Soap sprays can also damage plants and soil when used in excess. Regular use on plants can break down the protective waxy coating on plant leaves, a bit like breaking down the skin on our bodies or the paintwork on cars – not a good practice. Do a test spray first. Try one or two leaves and leave it for a few days to observe the results before spraying the whole plant.
Choose a soap that is made from caustic potash and not caustic soda or use a ‘Pure’ soap. Grate about 60 grams of the soap (with a cheese or vegetable grater), into a nine litre bucket of water, then swish the water until it is frothy. Pour into a watering can and spray on to affected plants.
SOAP and BAKING SODA (BiCarb Soda)
can be used as an anti-fungal spray. Try using it against downy mildew, black spot and fungal rusts. Again, be mindful of human and plant protection. Do a spot test (on the plant, not yourself) and cover up, especially the eyes, when using the mixture.
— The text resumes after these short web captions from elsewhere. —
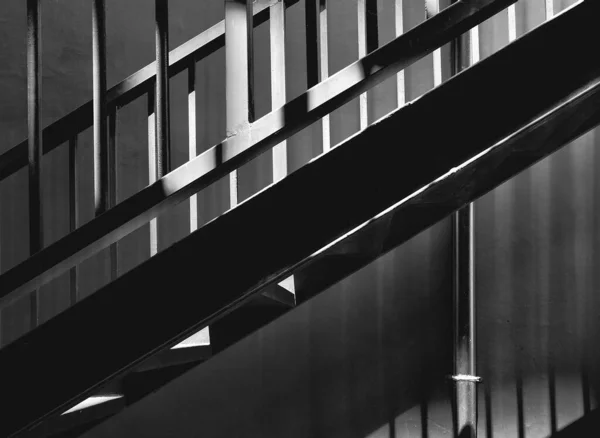建筑外带有混凝土墙背景的金属楼梯表面的阳光和阴影 黑白相间 色调深沉 外观设计理念 — 图库照片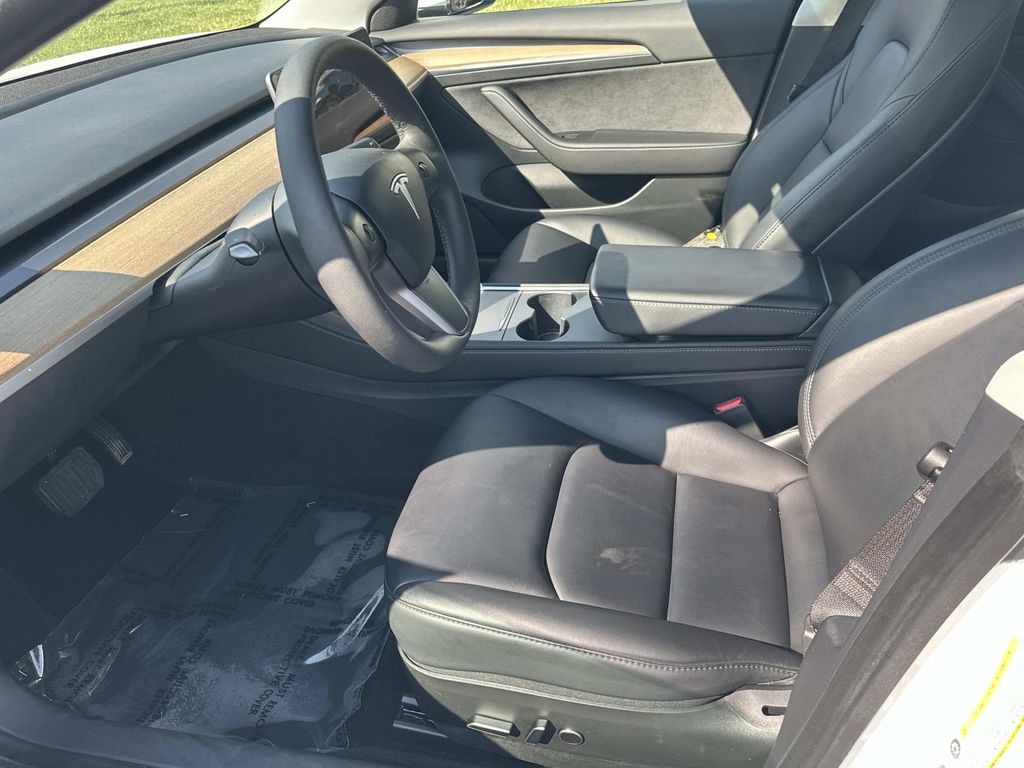 Thumbnail: 2023 Tesla Model 3 - 17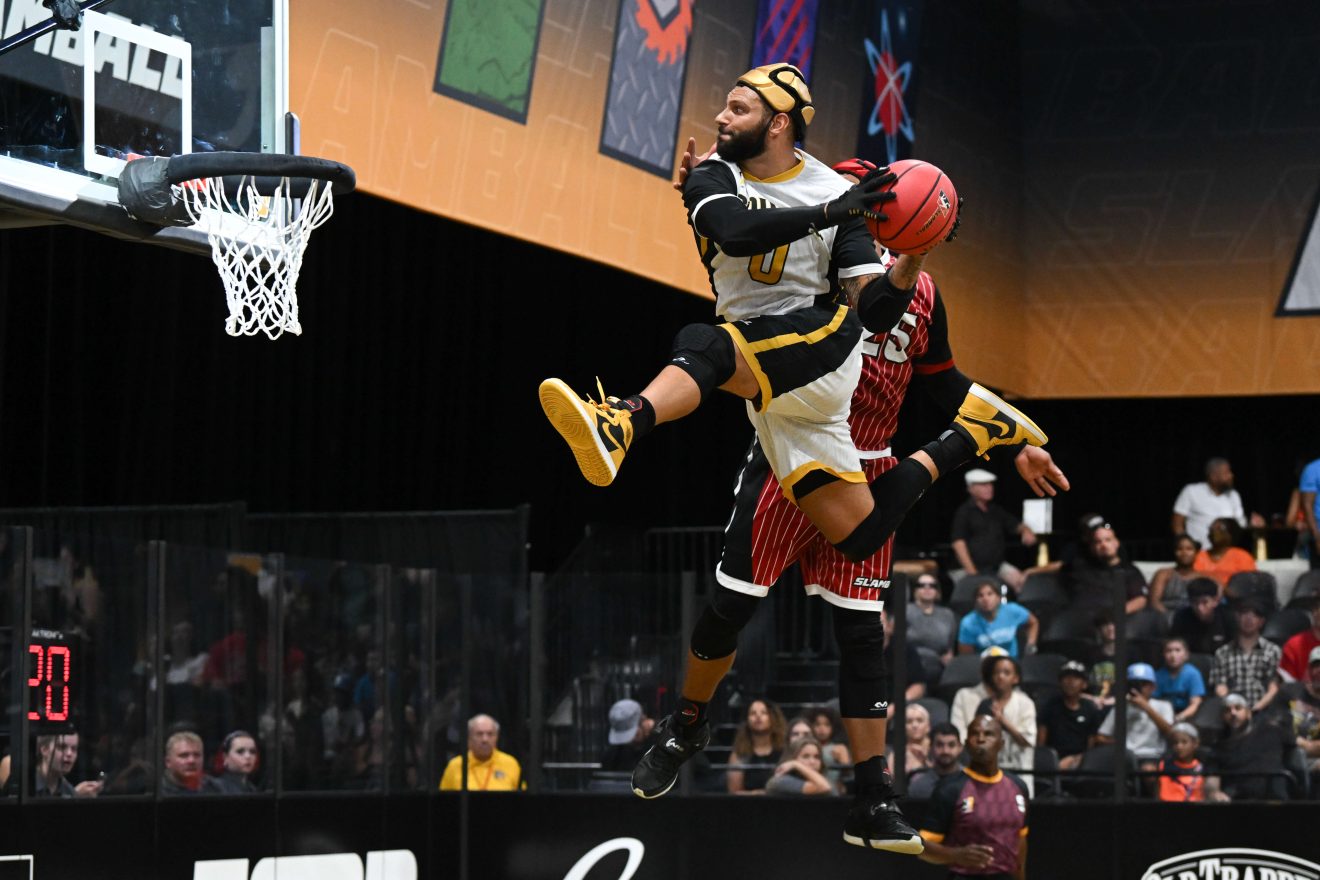 SlamBall-Justin-Holmes-Gryphons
Also, do not use on a hot day.
Dissolve about 150 grams of baking soda in the 9 litre bucket of water, and then add the soap (60 grams). Use as described above.
COOKING OIL
is often used to make a white oil solution to treat scale insects. Never use this spray if the temperature rises above 24°C (75°F) and stays there for three or four days after spraying. For some gardeners, that will mean NO spraying during the summer months.
Add one cup of water and two cups of cooking oil to a blender and mix until you get a milky white solution. This is the ‘concentrate’, which is then diluted with more water at the rate of 20 to 70 ml of concentrate per litre of water. This mixture separates out quite quickly so must be used strait away. Do not make any more than you need for an application.
MILK SPRAYS have been used as a chemical alternative for black spot on roses, for – like – forever. Does it work? That depends on who you ask. The milk and water spray has a number of uses, but the main use is, as a fungicide. It is also apparently a good spray for treating mildew on cucurbits.
Mix one part real full cream milk with nine parts water. Some people suggest a ratio of 50/50, equal parts milk and water. Experiment a little and see what works for you. Spray with a watering can or atomised sprayer but remember to always wash the container thoroughly afterward. Off milk just smells – well – off.
MILK and FLOUR can be mixed together to make a spray against red spider mite, two spotted mite and azalea lace bug. Mix four cups of flour with a quarter cup of milk, pour in to a baking dish, oh, sorry wrong recipe.(My attempt at humour).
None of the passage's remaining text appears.